Qualcuno alle mie spalle si schiarisce la voce. Un suono familiare, fin troppo. Mi volto e l’oggetto dei miei ultimi pensieri è davanti a me. Solita maglietta slabbrata, soliti jeans, solite scarpe da ginnastica, solita aria da mascalzona. Mackenzie mi affianca e io non riesco a proferire parola.
«Allora», comincia rivolta agli operai, in particolare a Robert Gallagher. «La volete smettere di fare i vigliacchi? Quest’uomo ha tenuto in piedi questa baracca dando fondo a quasi tutti i suoi averi. Vi paga gli stipendi di tasca sua e se per un paio di volte non ci riesce, voi che fate? Abbandonate la nave. Bella merda. Vi potrei capire se fosse un capo che non ha mai avuto cura dei suoi dipendenti, invece lui tiene a ognuno di voi, molto più di quanto tenga a se stesso. O a chiunque altro». Mackenzie allunga lo sguardo verso di me. Ha un’aria sarcastica o forse di rimprovero. «A quest’ora potreste stare a spasso se non fosse per lui. Oppure impiegati in un centro benessere». Mi guarda di nuovo. «Le cose andranno meglio, ve lo garantisco».
«Mackenzie, perdonami», attacca Robert, «la tua parola vale meno di niente in questo caso. Non so per quale motivo tu sia intervenuta e a quale titolo».
«Se la fa col capo», giunge una voce dal fondo. Faccio per parlare, ma Mac mi blocca con una mano sul braccio. Solleva il capo e punta lo sguardo su qualcuno. «Monroe, se vengo lì ti rompo quella proboscide che ti ritrovi al posto del naso. Parlo a titolo di collaboratrice in un progetto che, si spera, darà nuova linfa a questa baracca. Se vi fidate».
«E come?», chiede Robert.
«Ve lo faccio vedere». Mackenzie afferra qualcosa che ha posato sul pavimento. Sembra una borsa frigo. Ne tira fuori un vassoio coperto con un canovaccio. Lo solleva e mostra ai presenti un assortimento di cioccolatini. «Il signor Peterson mi ha chiesto di creare un cioccolatino per il mercato europeo. Lo lanceranno questo inverno, per San Valentino, vero?», mi chiede. Annuisco, troppo intontito per parlare. «Bene. Abbiamo pensato di coinvolgervi in questo progetto. Io e… il signor Peterson, abbiamo pensato che potreste essere voi a scegliere il cioccolatino che farà innamorare mezza Europa. Assaggiate e ditemi i sapori che vi piacciono di più, al resto penserò io».

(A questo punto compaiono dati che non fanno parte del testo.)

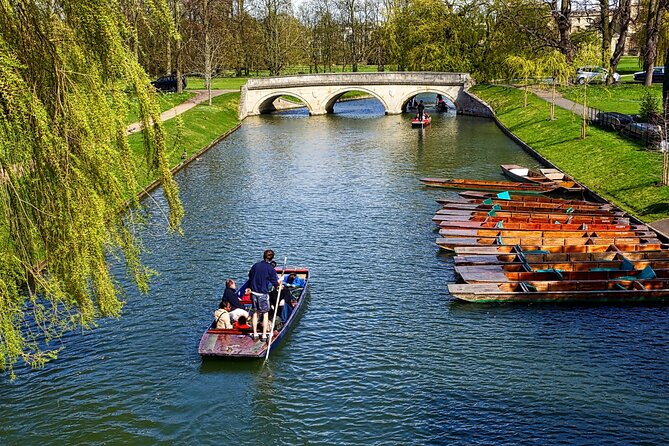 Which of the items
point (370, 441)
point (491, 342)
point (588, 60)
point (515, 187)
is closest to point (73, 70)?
point (370, 441)

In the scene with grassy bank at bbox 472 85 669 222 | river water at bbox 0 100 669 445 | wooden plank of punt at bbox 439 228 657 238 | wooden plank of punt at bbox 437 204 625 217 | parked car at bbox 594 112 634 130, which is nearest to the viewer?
river water at bbox 0 100 669 445

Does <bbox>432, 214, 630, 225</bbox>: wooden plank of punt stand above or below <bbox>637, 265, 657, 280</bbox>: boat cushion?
above

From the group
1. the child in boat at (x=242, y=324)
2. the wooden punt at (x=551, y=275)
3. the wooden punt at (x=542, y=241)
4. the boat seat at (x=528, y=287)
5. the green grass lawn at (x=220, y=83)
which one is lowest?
the child in boat at (x=242, y=324)

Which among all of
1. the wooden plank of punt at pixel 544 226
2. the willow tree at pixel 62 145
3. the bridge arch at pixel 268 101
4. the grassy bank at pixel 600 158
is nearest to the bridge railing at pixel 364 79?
the bridge arch at pixel 268 101

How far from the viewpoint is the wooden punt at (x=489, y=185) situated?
34.5 metres

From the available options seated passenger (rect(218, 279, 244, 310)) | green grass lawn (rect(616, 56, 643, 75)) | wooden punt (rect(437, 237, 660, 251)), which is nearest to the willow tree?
seated passenger (rect(218, 279, 244, 310))

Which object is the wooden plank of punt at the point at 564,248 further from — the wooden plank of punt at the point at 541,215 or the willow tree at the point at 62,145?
the willow tree at the point at 62,145

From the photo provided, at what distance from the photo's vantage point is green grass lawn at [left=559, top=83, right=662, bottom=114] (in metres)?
48.3

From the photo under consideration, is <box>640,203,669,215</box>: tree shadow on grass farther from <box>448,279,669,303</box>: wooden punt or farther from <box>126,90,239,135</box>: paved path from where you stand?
<box>126,90,239,135</box>: paved path

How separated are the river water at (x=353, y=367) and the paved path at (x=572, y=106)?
23.1 ft

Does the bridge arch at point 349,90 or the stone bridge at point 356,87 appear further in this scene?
the bridge arch at point 349,90

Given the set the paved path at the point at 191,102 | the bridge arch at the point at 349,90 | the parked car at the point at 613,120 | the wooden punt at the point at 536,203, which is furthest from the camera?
the bridge arch at the point at 349,90

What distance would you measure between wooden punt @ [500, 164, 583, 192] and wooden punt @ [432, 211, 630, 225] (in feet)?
24.1

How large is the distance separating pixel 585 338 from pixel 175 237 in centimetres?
1567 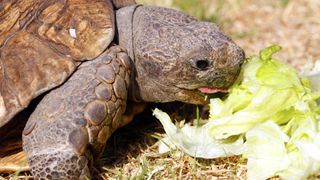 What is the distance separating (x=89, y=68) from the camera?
2855 mm

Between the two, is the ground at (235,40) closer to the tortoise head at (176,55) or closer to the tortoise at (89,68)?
the tortoise at (89,68)

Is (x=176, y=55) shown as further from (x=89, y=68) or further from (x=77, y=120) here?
(x=77, y=120)

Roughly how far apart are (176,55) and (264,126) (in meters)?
0.51

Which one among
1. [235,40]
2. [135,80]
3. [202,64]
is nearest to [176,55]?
[202,64]

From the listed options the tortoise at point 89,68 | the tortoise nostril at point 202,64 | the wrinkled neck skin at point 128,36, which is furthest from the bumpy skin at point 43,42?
the tortoise nostril at point 202,64

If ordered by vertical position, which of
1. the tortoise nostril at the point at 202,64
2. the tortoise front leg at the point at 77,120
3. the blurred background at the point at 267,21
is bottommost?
the blurred background at the point at 267,21

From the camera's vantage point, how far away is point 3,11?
10.1 ft

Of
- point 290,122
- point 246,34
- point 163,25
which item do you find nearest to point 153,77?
point 163,25

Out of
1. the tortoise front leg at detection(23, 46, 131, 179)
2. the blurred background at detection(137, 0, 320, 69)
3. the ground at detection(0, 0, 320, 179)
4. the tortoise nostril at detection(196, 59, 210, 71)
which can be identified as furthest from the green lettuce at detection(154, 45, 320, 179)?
the blurred background at detection(137, 0, 320, 69)

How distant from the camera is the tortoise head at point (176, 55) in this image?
2.95 meters

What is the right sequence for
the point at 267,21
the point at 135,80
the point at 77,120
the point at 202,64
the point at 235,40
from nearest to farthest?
the point at 77,120 → the point at 202,64 → the point at 135,80 → the point at 235,40 → the point at 267,21

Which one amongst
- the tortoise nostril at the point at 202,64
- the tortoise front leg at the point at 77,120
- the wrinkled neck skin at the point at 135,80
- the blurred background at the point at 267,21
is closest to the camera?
the tortoise front leg at the point at 77,120

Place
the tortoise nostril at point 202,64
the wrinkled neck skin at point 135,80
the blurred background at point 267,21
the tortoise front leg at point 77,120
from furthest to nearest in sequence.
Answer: the blurred background at point 267,21
the wrinkled neck skin at point 135,80
the tortoise nostril at point 202,64
the tortoise front leg at point 77,120

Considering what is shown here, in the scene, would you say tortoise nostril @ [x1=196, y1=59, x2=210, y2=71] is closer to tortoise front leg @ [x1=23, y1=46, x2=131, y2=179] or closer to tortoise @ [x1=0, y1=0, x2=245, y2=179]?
tortoise @ [x1=0, y1=0, x2=245, y2=179] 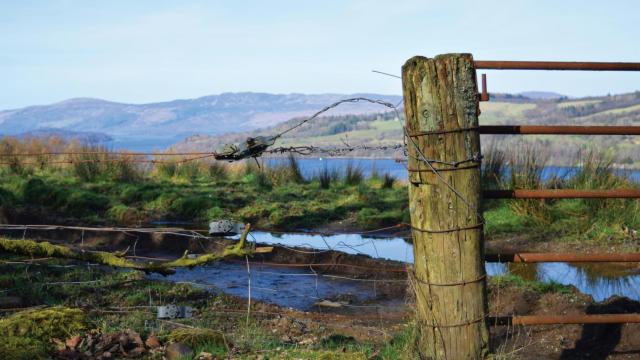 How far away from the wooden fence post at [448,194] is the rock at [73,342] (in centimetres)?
183

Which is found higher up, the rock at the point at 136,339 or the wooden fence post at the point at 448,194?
the wooden fence post at the point at 448,194

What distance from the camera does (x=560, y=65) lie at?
3.53m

Il primo ad assaggiare è Robert, un po’ titubante. Il vassoio viaggia fra gli operai. I cioccolatini bastano appena per una ventina di persone, ma sono abbastanza per capire dai loro sguardi soddisfatti che Mac ha fatto un’altra delle sue magie.
«Tranquillo, nel tuo ufficio te ne ho lasciato qualcuno», mi rassicura e, come un bambino impaziente, non vedo l’ora di assaggiarli.
«Sono tutti buonissimi, ma questo… questo con il caramello ha un sapore particolare».
Molti altri annuiscono. «Caramello allo sciroppo d’acero. Una goccia appena, ma sufficiente a esaltarne il sapore». Mackenzie prede un altro cioccolatino e lo mette vicino a quello scelto da Robert formando una specie di fiocco. No, il segno di infinito. Geniale. «Questo cioccolatino è fatto con cioccolato fondente e un ripieno di crema alle nocciole, sempre con una goccia di sciroppo d’acero, mentre l’altro è di cioccolato al latte con caramello. L’ingrediente comune è, come avrete capito, lo sciroppo d’acero. Unione di sapori, un miscuglio vincente, non pensate?».
Robert annuisce, quasi entusiasta. Mackenzie prosegue: «Perfetto. Come il signor Peterson potrà garantirvi, presto comincerete con la produzione del cioccolatino. Niente scioperi, okay?».
Robert annuisce ancora, mentre guarda Mackenzie e si lecca le dita sporche di cioccolata. Strega. Incredibile strega. Questa donna è capace di incantare tutti. Nessuno escluso.
«Robert, ti assicuro che già dal prossimo mese le cose andranno meglio». Finalmente riesco a parlare.
Il capo reparto annuisce. «Lo spero, capo. Lo spero. Non voglio doverla lasciare davvero».
«Non succederà». Gli stringo la mano che mi porge e ci salutiamo con una pacca sulle spalle. Lo sento parlare agli altri operai, cerca di convincerli a tenere duro. Devo tenere duro anch’io, penso, mentre precedo Mackenzie in ufficio.